It's not just a hole. There is a ball lens that provides 140x magnification. The lens can be translated in the x, y, and z directions. To me, that's deFinitely a microscope.
He's infuriated because, despite the hype, the TED talk and the Gates funding, it's not clear why this is better than other simple microscopes which can be made for even less money. Also, why does it need to be so cheap? Not everyone in a poor community needs one of these. Surely they could buy/receive a more conventional instrument and share it.
By trading off field of view, eye relief, brightness and aberrations you can get any arbitrary magnification by sticking in a different sized plastic ball lens. Just like all the 500x junk telescopes that are sold.

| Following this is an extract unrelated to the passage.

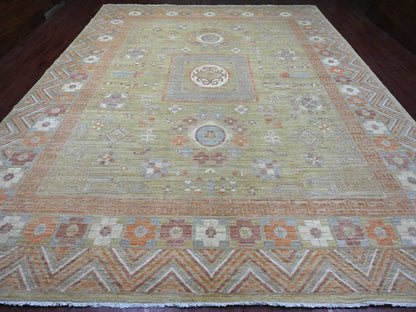 Green 11'10" x 14'6" Oushak And Peshawar Hand knotted Wool Rug - Sku: O022120
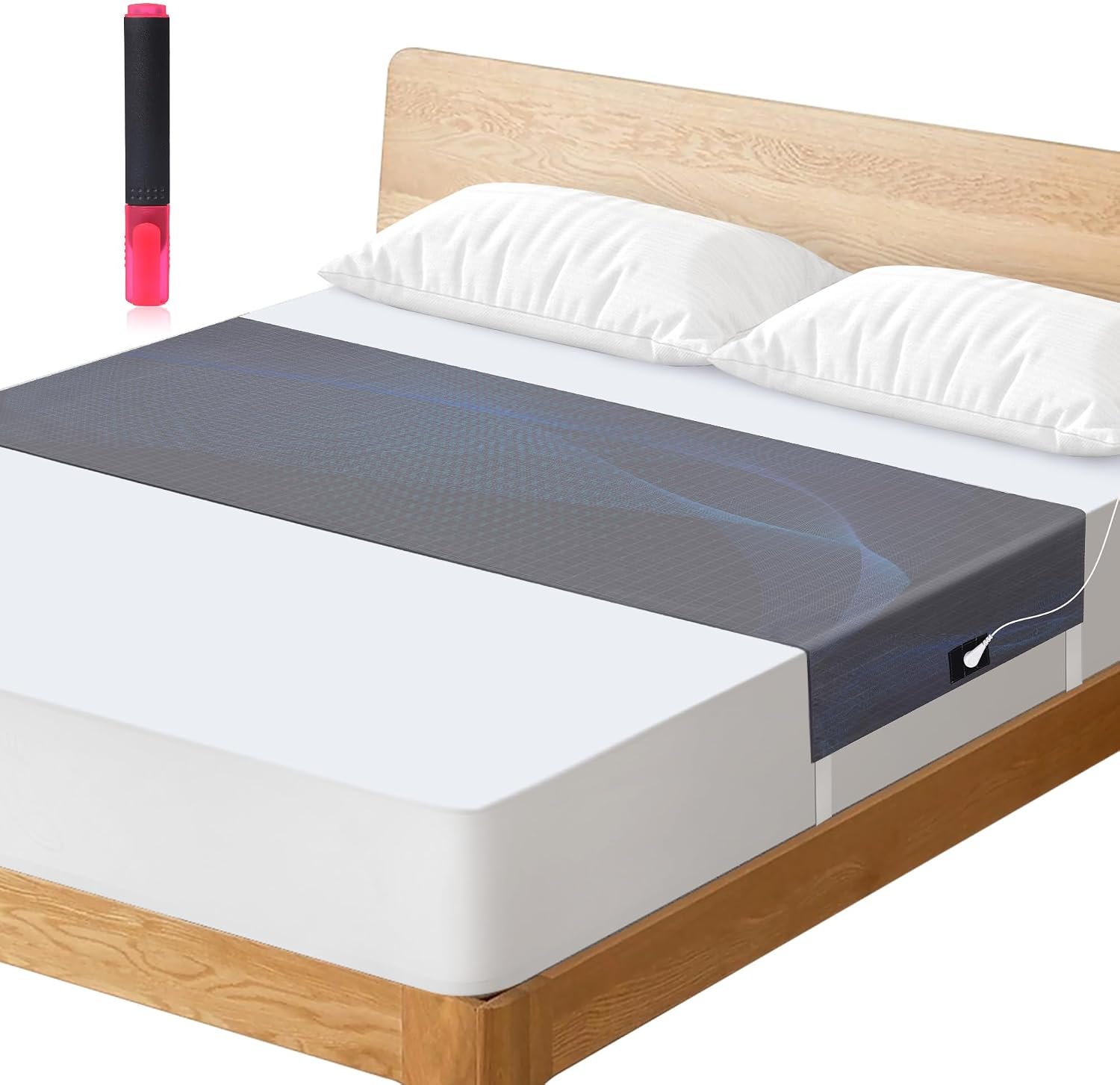 Grounding Sheets: Anti-Static Fitted Bedsheets with Adjustable Straps -Conductive Silver Fiber Grounded Sheets for Sleep -Grounding Mat for Bed with Cord and Tester (Grey,66×21″)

Given all the attention this is getting, I have to conclude that I'm missing a critical element of what makes this notable. I get that it's very cheap and can be stepped on, but maybe you can explain the application for this that wouldn't be better served by the shared use of a more conventional design made out of plastic instead of paper and which could still survive rough handling.
The paper vs plastic issue is unimportant, in my opinion. In fact, the latest designs I've seen are made of polypropylene sheets instead of paper sheets.
I think the critical element is that it's cheap to build and ship.
Again, what microscopes do you know of that are cheaper?
I do like one thing, this has the potential to inspire kids about optics. I sure would have loved to have one growing up!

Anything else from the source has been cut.